I laughed a little, too, though it had been anything but funny at the time. Our whole household had been tense for weeks while Margo did everything she could to try and get her way. "I really thought you were going to pull away from us for good," I admitted.

She pulled away to look up at me, tucking a lock of dark hair behind her ear. Her eyes were wide with disbelief. "No way! I thought about it for maybe two seconds before I realized what an idiotic idea that was." She punched my arm for good measure before snuggling back against me.

"Ow! Why are you hitting me? It wasn't a crazy idea for me to have. You just said you thought about it!"

"Yeah, but I never would. People think about a lot of things they'd never do, Griff. Like, have you ever been sitting in class and thought 'There's nothing stopping me from doing something crazy right now, like standing up on my desk and singing?'"

Or driving down a dark road and realizing you could just spin the wheel a teeny bit and go careening into a tree. Not that I ever would. But, yeah... I got what Margo was talking about. "Fine."

She made a little "Hmph" noise I translated to mean, so there. "But seriously, what are you going to do?" she asked.

"I dunno. Hope he calls? Go find him? Fen just said he's staying with Glenna and Safiya." If I asked Dad or Pop, they'd take me there as soon as morning. It was tempting, but... "But that would be stupid."

"It's not stupid to find your mate," Margo argued.

"It is when you know he doesn't want you there." And besides, I didn't want to do that to him. My mind kept flashing back to the image of him wearing that huge blindfold when Fen took him to find out where I was. Wulfric didn't even want to lay eyes on me. The curse must be some serious business if that was all it took to get him. Maybe it was like the bond connecting for me when I caught his scent.

Even if I were willing to inflict myself on him against his will, I knew better.

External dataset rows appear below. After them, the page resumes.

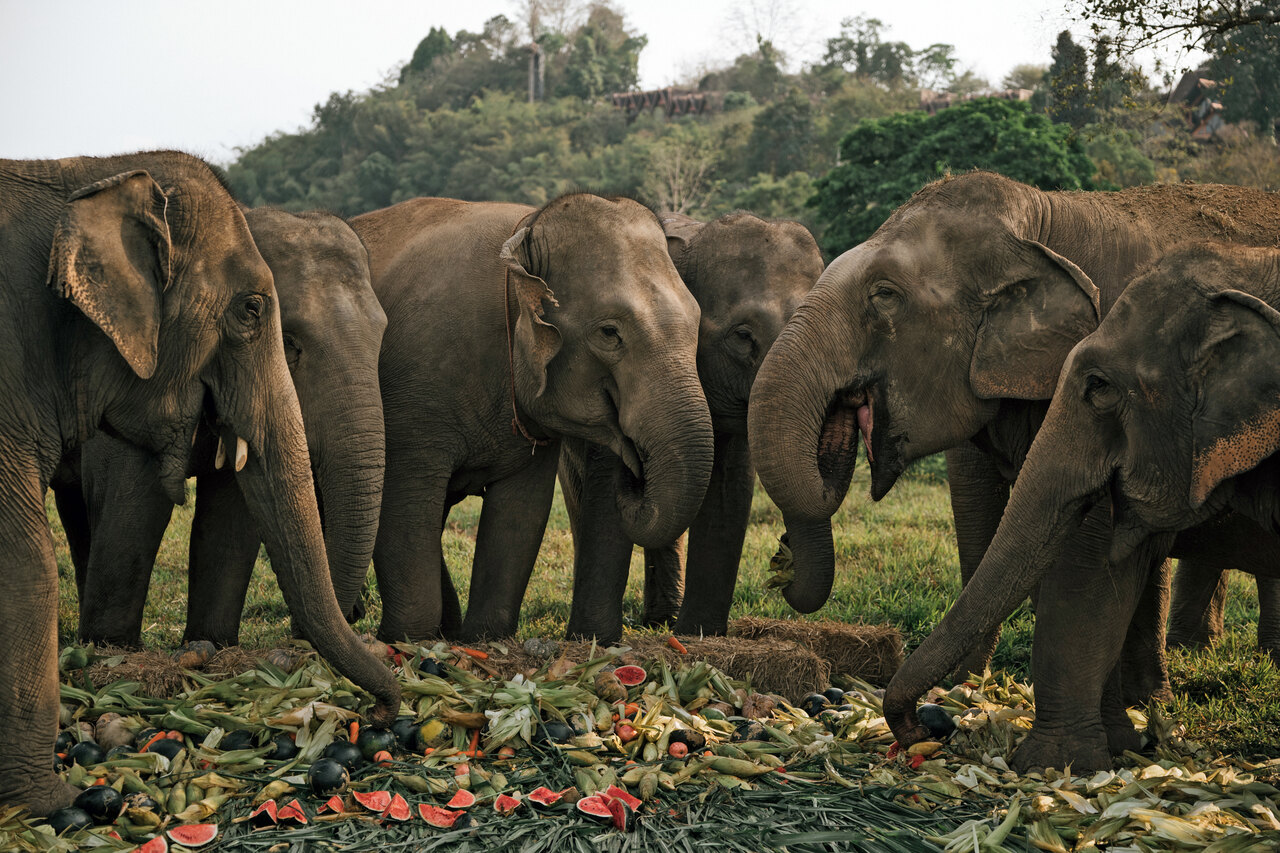 Elephants at Anantara Golden Triangle enjoyed a colourful spread of fresh fruits and vegetables for Thai National Elephant Day.jpg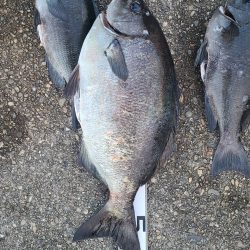 和歌山市江(吉丸渡船)で磯フカセ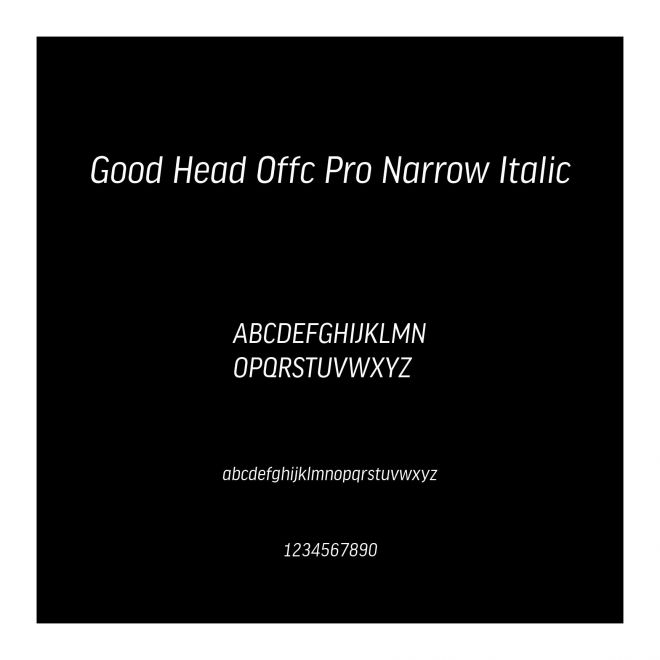 Good Head Offc Pro Narrow Italic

Wulfric would resent me forever if I did that. At least when he did it to me, he had no way of knowing it would happen.

"I still think you should go," Margo grumbled.

"Noted."

She scoffed and scooted away from me, shoving at my shoulder for good measure. "You're impossible. I'm getting some sleep."

"Good night," I whispered. I knew I should, too.

I expected Margo to move her sleeping bag back to the corner of the tent she'd staked her claim over when we first arrived. She was so determined to have some privacy in this family-sized tent that she had built a little barricade around her sleeping bag made up of luggage and coolers. But she didn't go back. Instead, she laid down in her sleeping bag, just inches from my own, and smiled sweetly up at me. Margo looked younger, more innocent. She looked like someone who wouldn't chafe at being called my baby sister.

My heart warmed and I settled down next to her. "I love you," she said. Her voice was already groggy with sleep.

"Love you, too."

In the morning, I woke up surprised at how easily I'd fallen asleep. Margo was still sleeping, and I pressed a kiss to her temple. The whole experience was a nice reminder that her prickly teenage years were temporary, and our sibling bond was forever.